Many prisoner solidarity groups are holding regular letter writing nights leading up to 9th, which help spread the word to prisoners about the strike and are crucial in building and maintaining ties between those on the inside and those on the outside.

On September 9, noise demonstrations outside prisons and jails across the country will show solidarity for people on strike, build relationships among activists, and pressure prisons and policy makers into making concessions. As Ray says: “This is where the issues are. This is where the people are incarcerated. And so this is where we want the activism.

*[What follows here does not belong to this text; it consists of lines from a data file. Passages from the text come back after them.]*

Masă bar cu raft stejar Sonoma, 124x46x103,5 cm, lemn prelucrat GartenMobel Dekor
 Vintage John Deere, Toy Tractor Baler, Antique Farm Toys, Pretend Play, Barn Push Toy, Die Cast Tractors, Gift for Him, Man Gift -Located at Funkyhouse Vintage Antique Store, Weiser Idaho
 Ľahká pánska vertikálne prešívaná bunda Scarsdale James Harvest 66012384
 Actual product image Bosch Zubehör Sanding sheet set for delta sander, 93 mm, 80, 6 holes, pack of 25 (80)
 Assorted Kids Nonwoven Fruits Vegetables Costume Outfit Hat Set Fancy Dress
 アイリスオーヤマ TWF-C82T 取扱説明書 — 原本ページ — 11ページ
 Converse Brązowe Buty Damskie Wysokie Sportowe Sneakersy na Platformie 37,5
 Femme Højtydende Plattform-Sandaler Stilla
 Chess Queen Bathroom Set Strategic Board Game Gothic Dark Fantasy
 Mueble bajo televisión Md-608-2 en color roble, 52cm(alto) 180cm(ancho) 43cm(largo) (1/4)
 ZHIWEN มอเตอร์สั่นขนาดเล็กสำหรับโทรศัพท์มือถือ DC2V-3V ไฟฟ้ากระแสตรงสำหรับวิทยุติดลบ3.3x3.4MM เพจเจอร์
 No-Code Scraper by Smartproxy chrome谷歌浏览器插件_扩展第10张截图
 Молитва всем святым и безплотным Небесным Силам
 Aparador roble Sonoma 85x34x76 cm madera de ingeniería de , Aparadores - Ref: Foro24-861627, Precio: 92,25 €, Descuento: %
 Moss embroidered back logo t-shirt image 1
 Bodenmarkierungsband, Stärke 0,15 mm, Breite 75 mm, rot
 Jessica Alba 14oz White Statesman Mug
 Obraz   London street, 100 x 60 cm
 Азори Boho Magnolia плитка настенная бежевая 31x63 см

This is where we want the energy and the people.” Plus, there are few things more moving than witnessing prisoners shout and bang on windows; it’s a sharp reminder of all the vibrant life that remains encaged and the power of forging connections that were never supposed to exist.

Here is just a sampling of specific upcoming events and solidary actions; many more are listed on itsgoingdown.org:

New York:


Oakland:

  • September 9th: BBQ to make banners, discuss strike, and watch a film about the Attica uprising.

  • September 10th: Rally and march on corporations profiting from prison labor and in solidarity with prison strike.


Los Angeles:


If you can’t make it to an event, consider publicly supporting the strike on social media, encouraging your organizations to support the strike, and donating to key groups like the Free Alabama Movement, the Incarcerated Workers Organizing Committee, or Fight2Live (F2L) “an emerging support network for queer and trans people of color who are currently incarcerated or have pending legal charges in New York.”

Additional Reading

Let The Crops Rot in the Fields, by the Free Alabama Movement.

Foundational text of the September 9, 2016 strike.


“My Four Months as a Private Prison Guard” by Shane Bauer.

Bauer went undercover in Winnfield, Louisiana, providing incredibly brave insight into the other world of workers who help keep prisons running—prison guards.  


Golden Gulag: Prisons, Surplus, Crisis, and Opposition in Globalizing California, by Ruth Wilson Gilmore.

A new classic in theorizing prisons from a Marxist perspective, showing how prisons aren’t merely an outcome of racism, but help reproduce it as part of a political economic project.


Resistance Behind Bars: The Struggles of Incarcerated Women, by Victoria Law.

Law documents the robust and often forgotten history of organized resistance and daily struggles of people in women’s prisons.


Dixie Be Damned: 300 Year of Insurrection in the American South, by Neil Shirley and Saralee Stafford.

This lively history of rebellions includes tales of Maroon communities, resistance against convict leasing, and the 1975 revolt at North Carolina Correctional Center for Women.


Blood in the Water: The Attica Prison Uprising of 1971 and Its Legacy, Heather Ann Thompson.

Just released, Thompson’s deft history has already received widespread attention from mainstream media for naming previously anonymous state troopers and prison guards responsible for killing inmates in this infamous standoff.